Solve the Arithmetical Teaser: 100-999 Integer

[Galileo]

This one is actually quite simple once you see it.

Consider the following converation between man 1 and man 2:

Man 1: 'I have a puzzle for you. First, pick an integer from 100 to 999 in your head.'
Man 2: 'Uuhhm. Well.. okay. (thinks: I`ll take 501, 'cuz that me lucky number.')
Man 1: 'Okay, consider the number that you get by repeating the number in your head once. So if you had 123, you should have 123123.'
Man 2: 'Okay. (That'll be 501501)'
Man 1: 'Now divide that number by 13.'
Man 2: '..wait a sec... okay. Fortunately it's an integer. (that's 38577)'
Man 1: 'Divide that number you got by 7'
Man 2: '..(that'll be 5511).. okay. Luckily another integer!'
Man 1: 'Now divide it by 11.'
Man 2: '(5511/11 is..eh 501). Hey, I get the number with which I started.'
Man 1: 'Really? I suppose you made a good choice at the start. My question is: How many integers from 100 to 999 have this property?'

So, how many integers are there from 100 to 999 which have this property?

 

[Gokul43201]

Surely I'm screwing up somewhere, but 1001 = 13*11*7, so they all do [/color].

 

[NateTG]

Hmmm,
\frac{1001}{7*11*13}=1
no idea at all. Guess, I'll just have to try them one by one.

 

[Fliption]

So, how many integers are there from 100 to 999 which have this property?

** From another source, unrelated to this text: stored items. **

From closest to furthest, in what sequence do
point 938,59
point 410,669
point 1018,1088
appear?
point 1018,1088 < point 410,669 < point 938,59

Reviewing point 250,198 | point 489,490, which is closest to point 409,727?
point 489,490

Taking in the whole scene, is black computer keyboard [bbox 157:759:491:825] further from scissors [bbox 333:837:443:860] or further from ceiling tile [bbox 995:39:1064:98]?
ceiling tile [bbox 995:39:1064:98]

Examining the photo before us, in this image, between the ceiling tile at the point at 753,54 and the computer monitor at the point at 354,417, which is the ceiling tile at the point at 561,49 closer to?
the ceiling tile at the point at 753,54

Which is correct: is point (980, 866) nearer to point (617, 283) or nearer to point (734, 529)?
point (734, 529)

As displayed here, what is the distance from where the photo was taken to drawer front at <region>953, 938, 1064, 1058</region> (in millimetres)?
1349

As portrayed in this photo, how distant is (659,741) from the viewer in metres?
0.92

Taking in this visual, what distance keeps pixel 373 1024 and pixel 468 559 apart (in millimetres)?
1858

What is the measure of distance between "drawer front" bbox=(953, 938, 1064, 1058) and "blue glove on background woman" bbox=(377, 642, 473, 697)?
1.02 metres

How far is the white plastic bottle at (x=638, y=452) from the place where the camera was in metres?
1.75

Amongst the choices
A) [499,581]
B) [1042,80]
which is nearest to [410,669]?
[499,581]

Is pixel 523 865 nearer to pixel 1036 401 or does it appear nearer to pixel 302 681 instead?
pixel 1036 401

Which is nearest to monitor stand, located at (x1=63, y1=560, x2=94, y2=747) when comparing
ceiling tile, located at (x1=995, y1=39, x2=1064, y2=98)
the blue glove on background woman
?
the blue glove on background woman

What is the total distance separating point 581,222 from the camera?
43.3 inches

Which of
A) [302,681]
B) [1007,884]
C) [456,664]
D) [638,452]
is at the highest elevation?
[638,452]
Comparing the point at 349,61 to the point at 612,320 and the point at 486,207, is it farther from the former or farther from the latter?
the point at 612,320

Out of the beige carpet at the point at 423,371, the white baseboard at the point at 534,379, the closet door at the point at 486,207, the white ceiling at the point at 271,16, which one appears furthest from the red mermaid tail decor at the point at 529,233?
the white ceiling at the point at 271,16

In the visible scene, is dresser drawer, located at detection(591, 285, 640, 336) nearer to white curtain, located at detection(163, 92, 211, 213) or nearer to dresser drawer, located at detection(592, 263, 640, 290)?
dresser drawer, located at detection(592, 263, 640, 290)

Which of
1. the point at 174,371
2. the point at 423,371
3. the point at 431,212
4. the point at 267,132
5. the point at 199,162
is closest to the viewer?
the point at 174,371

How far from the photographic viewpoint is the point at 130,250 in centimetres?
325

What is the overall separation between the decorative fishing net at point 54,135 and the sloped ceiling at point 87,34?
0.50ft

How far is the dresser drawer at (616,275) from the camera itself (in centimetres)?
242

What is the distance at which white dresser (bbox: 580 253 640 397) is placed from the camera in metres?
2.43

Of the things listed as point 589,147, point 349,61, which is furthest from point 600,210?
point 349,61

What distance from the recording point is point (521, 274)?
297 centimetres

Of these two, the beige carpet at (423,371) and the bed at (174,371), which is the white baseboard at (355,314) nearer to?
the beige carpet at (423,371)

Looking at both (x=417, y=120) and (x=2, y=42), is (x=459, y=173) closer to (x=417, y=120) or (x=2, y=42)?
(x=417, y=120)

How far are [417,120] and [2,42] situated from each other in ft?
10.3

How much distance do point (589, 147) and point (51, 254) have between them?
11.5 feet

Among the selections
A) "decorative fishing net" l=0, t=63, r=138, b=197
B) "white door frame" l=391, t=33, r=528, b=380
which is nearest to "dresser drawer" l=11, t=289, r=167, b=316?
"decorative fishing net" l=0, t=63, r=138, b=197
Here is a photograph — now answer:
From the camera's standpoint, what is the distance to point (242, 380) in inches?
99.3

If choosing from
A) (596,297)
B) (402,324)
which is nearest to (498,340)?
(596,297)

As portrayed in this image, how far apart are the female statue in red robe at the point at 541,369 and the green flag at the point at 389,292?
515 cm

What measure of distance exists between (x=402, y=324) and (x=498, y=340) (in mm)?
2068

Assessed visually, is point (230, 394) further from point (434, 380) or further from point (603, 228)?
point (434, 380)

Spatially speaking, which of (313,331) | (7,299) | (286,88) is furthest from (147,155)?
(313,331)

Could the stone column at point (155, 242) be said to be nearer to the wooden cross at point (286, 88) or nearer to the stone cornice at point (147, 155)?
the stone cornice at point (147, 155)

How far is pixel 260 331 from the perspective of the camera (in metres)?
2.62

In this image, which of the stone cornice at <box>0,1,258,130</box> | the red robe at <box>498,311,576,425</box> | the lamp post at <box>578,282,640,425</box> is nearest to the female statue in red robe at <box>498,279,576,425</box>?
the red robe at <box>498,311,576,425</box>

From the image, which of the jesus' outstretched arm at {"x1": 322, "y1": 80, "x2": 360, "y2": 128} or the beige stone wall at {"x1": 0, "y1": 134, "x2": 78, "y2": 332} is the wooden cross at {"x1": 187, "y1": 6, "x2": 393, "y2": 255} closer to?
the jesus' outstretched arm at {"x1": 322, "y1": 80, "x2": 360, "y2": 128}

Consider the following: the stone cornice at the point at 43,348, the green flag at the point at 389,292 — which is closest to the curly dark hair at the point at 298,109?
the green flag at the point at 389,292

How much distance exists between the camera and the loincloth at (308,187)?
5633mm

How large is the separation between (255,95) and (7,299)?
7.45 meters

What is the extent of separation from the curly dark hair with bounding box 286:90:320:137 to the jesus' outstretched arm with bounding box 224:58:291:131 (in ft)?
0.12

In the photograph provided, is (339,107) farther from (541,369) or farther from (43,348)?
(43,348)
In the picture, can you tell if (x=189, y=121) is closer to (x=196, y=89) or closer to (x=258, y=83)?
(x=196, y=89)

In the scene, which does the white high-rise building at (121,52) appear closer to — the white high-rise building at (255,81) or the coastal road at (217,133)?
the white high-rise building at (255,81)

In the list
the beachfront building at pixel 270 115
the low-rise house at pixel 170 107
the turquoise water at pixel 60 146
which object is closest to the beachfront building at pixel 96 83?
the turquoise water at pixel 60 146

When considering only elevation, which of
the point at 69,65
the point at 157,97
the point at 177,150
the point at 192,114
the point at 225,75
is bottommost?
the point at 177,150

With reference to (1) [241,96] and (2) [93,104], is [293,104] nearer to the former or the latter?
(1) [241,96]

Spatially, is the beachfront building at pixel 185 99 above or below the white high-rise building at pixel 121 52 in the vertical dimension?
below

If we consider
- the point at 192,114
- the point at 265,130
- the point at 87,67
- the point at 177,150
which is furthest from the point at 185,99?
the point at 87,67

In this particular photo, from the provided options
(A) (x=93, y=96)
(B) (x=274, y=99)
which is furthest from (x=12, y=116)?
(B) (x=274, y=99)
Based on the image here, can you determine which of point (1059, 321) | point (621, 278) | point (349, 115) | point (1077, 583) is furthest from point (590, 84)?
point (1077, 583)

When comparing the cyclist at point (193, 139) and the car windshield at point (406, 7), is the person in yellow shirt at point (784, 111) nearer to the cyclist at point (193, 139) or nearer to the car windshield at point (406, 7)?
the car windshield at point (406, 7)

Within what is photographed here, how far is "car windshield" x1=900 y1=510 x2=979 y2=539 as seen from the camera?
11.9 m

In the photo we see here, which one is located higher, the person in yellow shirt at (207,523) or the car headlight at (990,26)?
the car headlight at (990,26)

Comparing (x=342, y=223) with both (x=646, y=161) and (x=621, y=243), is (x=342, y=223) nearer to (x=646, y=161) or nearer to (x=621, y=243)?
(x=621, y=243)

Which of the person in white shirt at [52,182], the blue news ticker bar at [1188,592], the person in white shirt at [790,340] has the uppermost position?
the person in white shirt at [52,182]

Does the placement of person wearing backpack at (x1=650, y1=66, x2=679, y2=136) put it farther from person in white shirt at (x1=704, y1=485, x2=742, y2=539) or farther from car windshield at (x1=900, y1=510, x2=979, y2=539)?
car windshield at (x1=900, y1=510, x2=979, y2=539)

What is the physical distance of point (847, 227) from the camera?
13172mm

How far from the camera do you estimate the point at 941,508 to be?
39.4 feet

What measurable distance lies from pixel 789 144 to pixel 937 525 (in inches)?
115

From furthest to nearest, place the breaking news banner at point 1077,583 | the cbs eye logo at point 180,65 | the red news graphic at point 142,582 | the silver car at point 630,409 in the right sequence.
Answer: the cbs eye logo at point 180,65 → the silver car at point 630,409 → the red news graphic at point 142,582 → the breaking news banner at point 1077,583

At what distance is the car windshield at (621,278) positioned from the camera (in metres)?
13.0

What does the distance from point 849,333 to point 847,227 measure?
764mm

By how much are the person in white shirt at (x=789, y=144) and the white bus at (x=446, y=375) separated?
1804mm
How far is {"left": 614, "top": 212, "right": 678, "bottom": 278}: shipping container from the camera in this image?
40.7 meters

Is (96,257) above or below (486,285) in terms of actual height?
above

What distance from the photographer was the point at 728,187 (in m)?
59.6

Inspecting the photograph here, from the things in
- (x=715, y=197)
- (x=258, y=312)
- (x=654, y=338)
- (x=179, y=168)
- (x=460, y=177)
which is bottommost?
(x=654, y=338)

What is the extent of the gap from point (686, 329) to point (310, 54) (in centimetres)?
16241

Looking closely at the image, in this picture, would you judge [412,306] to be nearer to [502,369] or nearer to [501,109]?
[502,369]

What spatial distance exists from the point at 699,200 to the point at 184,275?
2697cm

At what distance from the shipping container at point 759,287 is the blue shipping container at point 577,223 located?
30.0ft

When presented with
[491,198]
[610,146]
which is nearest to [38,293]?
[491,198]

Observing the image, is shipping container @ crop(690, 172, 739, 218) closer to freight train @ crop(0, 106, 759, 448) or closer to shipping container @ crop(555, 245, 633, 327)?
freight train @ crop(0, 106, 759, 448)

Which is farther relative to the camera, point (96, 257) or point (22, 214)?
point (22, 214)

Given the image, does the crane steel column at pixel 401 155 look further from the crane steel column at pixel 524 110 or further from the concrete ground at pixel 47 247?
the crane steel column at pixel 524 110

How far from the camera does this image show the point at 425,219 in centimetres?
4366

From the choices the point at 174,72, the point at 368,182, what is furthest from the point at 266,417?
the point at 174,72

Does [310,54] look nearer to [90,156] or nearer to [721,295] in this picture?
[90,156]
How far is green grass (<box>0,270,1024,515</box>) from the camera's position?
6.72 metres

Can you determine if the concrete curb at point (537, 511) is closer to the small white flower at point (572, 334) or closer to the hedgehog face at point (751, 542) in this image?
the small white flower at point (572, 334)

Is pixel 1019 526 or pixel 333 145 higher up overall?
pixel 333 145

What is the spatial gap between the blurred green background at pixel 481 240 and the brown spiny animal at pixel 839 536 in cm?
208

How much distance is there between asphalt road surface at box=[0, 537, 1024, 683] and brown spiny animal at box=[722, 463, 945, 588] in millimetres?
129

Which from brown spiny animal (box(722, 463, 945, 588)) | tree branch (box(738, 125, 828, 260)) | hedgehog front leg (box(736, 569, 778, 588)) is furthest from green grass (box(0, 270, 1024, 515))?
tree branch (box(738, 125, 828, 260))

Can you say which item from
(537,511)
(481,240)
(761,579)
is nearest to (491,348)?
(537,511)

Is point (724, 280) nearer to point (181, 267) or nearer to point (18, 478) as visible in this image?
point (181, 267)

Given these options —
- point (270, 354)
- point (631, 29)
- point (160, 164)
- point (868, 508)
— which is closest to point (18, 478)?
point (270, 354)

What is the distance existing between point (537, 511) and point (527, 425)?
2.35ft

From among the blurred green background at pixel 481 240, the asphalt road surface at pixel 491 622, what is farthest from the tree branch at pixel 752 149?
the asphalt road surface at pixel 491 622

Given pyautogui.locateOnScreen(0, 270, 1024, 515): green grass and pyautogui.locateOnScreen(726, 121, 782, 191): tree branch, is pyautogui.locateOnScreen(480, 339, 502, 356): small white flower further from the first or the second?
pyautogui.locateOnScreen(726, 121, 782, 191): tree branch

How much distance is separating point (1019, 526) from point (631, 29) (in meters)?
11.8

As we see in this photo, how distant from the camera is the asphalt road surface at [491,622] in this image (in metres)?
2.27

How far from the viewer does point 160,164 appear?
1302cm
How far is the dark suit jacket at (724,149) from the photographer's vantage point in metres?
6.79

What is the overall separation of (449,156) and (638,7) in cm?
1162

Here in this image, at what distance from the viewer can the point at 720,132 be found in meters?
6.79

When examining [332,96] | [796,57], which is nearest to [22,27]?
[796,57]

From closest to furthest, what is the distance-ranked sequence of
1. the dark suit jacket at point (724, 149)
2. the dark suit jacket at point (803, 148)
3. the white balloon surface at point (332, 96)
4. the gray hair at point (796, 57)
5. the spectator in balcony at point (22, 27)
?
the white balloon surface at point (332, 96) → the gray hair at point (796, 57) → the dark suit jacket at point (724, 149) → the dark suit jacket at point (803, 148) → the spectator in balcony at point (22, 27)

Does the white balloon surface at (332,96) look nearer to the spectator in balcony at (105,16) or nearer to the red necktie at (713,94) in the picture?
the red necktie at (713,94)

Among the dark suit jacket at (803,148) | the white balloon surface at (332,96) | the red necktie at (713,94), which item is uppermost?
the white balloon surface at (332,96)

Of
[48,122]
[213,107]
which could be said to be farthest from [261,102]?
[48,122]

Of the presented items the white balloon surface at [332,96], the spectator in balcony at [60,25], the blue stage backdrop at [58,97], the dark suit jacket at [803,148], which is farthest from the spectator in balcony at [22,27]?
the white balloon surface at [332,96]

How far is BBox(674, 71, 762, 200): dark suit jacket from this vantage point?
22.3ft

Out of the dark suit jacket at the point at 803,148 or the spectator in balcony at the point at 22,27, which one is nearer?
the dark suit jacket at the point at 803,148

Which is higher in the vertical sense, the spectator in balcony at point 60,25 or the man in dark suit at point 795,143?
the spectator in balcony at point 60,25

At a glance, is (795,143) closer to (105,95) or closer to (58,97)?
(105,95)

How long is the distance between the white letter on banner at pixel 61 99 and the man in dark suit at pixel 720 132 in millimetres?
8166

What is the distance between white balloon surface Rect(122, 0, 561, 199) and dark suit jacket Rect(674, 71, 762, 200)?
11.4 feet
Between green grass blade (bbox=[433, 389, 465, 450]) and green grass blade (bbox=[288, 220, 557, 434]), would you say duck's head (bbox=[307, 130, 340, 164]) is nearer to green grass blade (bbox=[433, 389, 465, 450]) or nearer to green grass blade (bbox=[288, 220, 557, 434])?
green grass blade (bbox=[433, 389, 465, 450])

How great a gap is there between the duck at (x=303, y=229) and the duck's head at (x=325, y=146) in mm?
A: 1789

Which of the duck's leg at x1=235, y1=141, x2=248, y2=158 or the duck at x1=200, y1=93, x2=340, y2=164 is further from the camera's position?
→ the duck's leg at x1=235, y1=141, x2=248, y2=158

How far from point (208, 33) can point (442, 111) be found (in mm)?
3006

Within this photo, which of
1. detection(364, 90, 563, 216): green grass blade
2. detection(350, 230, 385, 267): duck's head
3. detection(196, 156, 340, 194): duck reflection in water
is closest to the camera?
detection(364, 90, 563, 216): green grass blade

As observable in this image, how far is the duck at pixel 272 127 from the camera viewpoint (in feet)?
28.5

The answer is all of them (900). This works because taking any number like 501 and making it 501501 is the same thing as this:

Assume the number you chose is "X". So X = 501

(X*1000)+X is the formula that gives you 501501.

1000X +X = 1001X

1001X/1001 = X

Works everytime regardless of X up to 999.

 

[Galileo]

Mwa. I knew it was too easy. Oh well...

 

[vikasj007]

well, yes it is quite easy, in fact i had read this in a book quite a few years back.


i think i should look for that book, maybe i can post some good questions from that book too.